49,7% de l'horeca contrôlé par l'Afsca a reçu un avis positif, voire encore bien moins à Bruxelles, ce qui ne rime pas toujours avec risque sanitaire.

Cuisine d'un restaurant à Anvers
Illustration de la cuisine d’un restaurant, à Anvers le 27 juin 2017 @BelgaImage

La moitié à peine des établissements horeca contrôlés chaque année par l’agence fédérale pour la sécurité de la chaîne alimentaire (Afsca) reçoit un avis d’inspection favorable, selon des chiffres fournis par le ministre David Clarinval en réponse à une question écrite du député Tom Van Grieken (VB).

Le plus souvent "des petits détails à remettre en ordre"

En 2019 et 2020, l’Afsca a respectivement mené 10.880 et 9.195 inspections dans des établissements horeca.
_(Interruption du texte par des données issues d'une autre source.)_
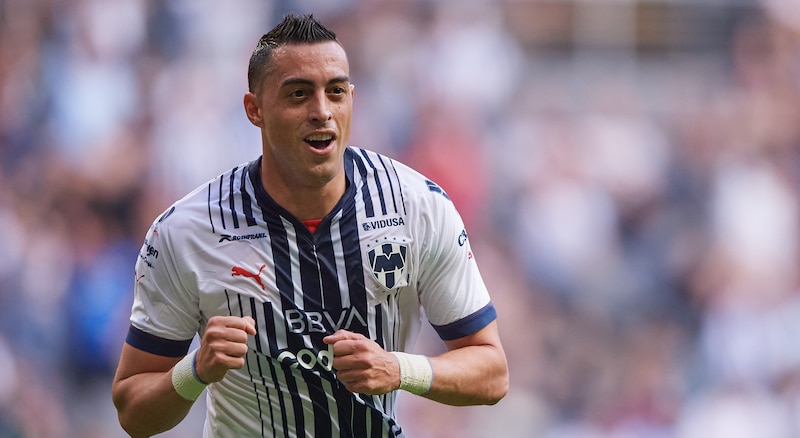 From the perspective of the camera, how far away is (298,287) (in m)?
4.27

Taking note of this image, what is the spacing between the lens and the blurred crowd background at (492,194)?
29.4 feet

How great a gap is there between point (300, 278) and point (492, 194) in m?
5.73

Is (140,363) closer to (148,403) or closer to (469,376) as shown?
(148,403)

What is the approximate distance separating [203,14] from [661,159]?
408 centimetres

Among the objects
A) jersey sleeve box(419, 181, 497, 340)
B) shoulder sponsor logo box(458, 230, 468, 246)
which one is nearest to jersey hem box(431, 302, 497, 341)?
jersey sleeve box(419, 181, 497, 340)

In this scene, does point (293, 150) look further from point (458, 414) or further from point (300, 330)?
point (458, 414)

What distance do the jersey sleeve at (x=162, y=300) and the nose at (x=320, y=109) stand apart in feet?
2.11

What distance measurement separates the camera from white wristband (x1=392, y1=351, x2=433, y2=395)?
401 centimetres

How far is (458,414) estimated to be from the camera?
895cm

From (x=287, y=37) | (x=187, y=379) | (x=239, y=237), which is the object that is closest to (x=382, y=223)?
(x=239, y=237)

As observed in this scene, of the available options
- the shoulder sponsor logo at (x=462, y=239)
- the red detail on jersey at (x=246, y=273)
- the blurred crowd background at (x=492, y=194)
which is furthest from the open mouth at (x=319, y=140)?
the blurred crowd background at (x=492, y=194)

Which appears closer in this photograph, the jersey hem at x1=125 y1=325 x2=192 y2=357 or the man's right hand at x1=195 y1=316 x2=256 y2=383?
the man's right hand at x1=195 y1=316 x2=256 y2=383

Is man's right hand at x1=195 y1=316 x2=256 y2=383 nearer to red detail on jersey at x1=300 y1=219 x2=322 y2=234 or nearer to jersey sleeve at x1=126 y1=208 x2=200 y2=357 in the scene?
jersey sleeve at x1=126 y1=208 x2=200 y2=357

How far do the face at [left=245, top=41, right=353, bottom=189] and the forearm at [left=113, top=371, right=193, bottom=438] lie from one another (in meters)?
0.88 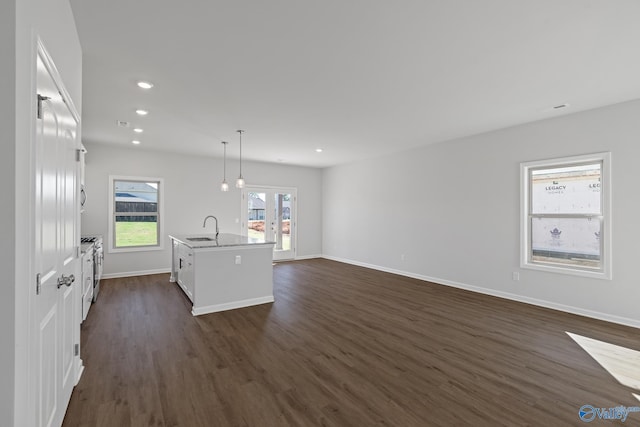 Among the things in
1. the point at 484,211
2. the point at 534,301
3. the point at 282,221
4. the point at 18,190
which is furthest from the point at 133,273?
the point at 534,301

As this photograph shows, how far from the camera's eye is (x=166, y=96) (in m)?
3.70

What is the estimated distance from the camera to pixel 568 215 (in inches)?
169

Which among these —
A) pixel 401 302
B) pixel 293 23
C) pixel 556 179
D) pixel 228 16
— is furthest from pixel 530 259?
pixel 228 16

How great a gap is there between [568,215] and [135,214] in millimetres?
8056

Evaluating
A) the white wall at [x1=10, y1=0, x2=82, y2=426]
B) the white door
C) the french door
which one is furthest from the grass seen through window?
the white wall at [x1=10, y1=0, x2=82, y2=426]

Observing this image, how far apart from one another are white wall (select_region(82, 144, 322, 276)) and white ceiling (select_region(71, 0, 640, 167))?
1.51 meters

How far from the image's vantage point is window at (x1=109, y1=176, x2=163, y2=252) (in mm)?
6375

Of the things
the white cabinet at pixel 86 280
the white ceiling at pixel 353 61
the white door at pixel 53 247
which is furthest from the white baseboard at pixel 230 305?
the white ceiling at pixel 353 61

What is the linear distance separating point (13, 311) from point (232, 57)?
8.27 feet

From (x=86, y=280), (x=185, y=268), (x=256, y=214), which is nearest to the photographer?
(x=86, y=280)

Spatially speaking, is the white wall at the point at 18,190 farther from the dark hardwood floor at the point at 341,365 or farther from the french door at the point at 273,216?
the french door at the point at 273,216

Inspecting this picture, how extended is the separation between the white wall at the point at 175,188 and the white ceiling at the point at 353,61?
1.51m

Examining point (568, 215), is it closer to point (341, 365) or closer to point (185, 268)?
point (341, 365)

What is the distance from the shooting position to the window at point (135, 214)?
6375 millimetres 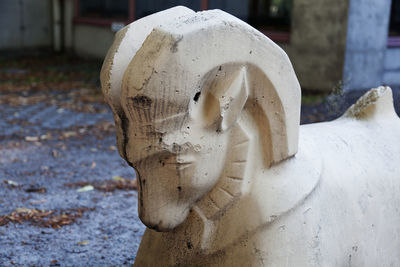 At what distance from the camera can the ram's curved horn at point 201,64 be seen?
145 cm

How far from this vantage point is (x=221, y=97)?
159 cm

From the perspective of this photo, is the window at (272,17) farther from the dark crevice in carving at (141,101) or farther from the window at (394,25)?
the dark crevice in carving at (141,101)

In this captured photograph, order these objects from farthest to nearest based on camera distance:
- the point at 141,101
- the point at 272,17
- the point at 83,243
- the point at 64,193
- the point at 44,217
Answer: the point at 272,17, the point at 64,193, the point at 44,217, the point at 83,243, the point at 141,101

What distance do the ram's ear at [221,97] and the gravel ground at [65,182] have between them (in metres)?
1.61

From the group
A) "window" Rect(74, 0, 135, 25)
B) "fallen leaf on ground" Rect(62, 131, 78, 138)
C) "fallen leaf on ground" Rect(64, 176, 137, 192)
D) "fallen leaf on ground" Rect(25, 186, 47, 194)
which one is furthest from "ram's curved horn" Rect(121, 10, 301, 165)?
"window" Rect(74, 0, 135, 25)

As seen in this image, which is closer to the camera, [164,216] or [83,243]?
[164,216]

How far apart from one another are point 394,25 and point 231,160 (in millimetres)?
7640

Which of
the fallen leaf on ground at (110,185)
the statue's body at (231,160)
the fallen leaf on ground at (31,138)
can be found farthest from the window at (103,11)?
the statue's body at (231,160)

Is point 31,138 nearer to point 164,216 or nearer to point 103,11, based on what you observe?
point 164,216

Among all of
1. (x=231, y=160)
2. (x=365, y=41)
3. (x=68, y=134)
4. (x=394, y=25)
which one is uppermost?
(x=231, y=160)

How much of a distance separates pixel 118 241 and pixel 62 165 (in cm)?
173

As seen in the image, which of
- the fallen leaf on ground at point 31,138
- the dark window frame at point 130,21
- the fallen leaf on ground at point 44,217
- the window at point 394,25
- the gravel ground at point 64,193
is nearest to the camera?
the gravel ground at point 64,193

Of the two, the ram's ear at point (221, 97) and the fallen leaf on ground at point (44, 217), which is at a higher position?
the ram's ear at point (221, 97)

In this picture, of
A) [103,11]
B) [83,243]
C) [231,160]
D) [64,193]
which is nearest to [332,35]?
[64,193] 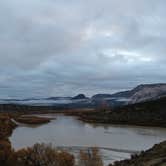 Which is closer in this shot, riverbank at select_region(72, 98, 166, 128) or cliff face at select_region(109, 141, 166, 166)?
cliff face at select_region(109, 141, 166, 166)

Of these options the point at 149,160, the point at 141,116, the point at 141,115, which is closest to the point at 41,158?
the point at 149,160

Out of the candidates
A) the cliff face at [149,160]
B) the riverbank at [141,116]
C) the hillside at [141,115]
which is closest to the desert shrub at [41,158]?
the cliff face at [149,160]

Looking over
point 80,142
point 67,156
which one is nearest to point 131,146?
point 80,142

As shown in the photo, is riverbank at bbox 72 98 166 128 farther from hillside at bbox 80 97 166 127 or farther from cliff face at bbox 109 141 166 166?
cliff face at bbox 109 141 166 166

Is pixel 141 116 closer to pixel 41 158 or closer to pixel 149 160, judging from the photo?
pixel 41 158

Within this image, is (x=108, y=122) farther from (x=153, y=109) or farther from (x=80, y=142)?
(x=80, y=142)

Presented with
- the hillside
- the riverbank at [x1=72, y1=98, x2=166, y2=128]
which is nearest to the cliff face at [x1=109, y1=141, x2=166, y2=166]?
the riverbank at [x1=72, y1=98, x2=166, y2=128]

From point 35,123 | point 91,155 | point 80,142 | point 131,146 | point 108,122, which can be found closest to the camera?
point 91,155

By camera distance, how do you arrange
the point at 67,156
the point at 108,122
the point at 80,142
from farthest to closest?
the point at 108,122 < the point at 80,142 < the point at 67,156

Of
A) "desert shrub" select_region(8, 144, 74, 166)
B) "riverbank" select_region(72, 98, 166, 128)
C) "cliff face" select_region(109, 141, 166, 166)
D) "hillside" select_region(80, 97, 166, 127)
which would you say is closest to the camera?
"cliff face" select_region(109, 141, 166, 166)

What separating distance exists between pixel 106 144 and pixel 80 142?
2.63 meters

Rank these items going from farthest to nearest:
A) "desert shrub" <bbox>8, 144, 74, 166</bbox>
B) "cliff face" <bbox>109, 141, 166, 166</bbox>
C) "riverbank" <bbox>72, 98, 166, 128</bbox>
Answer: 1. "riverbank" <bbox>72, 98, 166, 128</bbox>
2. "desert shrub" <bbox>8, 144, 74, 166</bbox>
3. "cliff face" <bbox>109, 141, 166, 166</bbox>

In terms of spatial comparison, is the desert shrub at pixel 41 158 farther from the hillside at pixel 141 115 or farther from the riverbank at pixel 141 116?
the hillside at pixel 141 115

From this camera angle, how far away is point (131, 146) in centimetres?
2911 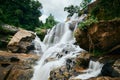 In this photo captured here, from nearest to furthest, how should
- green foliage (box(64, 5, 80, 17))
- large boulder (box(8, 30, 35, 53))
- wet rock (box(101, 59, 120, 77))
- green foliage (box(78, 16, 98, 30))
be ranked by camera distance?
1. wet rock (box(101, 59, 120, 77))
2. green foliage (box(78, 16, 98, 30))
3. large boulder (box(8, 30, 35, 53))
4. green foliage (box(64, 5, 80, 17))

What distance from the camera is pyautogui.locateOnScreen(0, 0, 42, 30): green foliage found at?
38.3 meters

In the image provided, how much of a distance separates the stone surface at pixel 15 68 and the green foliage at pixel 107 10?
237 inches

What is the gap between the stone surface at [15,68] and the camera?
16.3m

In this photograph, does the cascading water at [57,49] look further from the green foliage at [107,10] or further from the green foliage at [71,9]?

La moitié à peine a reçu un résultat d’inspection favorable (44% en 2019 et 49,7% en 2020). L’analyse des chiffres montre des résultats semblables en Flandre et en Wallonie (autour de 52% d’avis favorables), contre 26% à Bruxelles. La proportion d’exploitants contrôlés ayant reçu un procès-verbal pour infractions graves était respectivement de 10% en Flandre, contre 9% en Wallonie et 28% à Bruxelles.

Interrogée mardi, la porte-parole de l’Afsca ne pouvait expliquer cette différence de résultats entre la capitale et les deux autres Régions. L’agence insiste toutefois sur le fait que les établissements horeca contrôlés n’ayant pas reçu d’avis favorable ne représentent pas pour autant un danger pour la santé. "Dans la grande majorité des cas, ce sont des petits détails qui sont à remettre en ordre", explique Aline Van den Broeck.

Les problèmes relevés sont généralement assez mineurs. "Ce sont souvent des aspects administratifs à remettre en ordre ou le fait par exemple qu’il n’y avait pas de couvercle sur la poubelle lors du contrôle…", poursuit cette porte-parole. Le nombre d’établissements représentant un danger pour la santé reste heureusement très limité. "Sur les 10.000 contrôles menés en 2020, seuls 182 établissements ont dû être fermés pour raisons sanitaires", précise Mme Van den Broeck.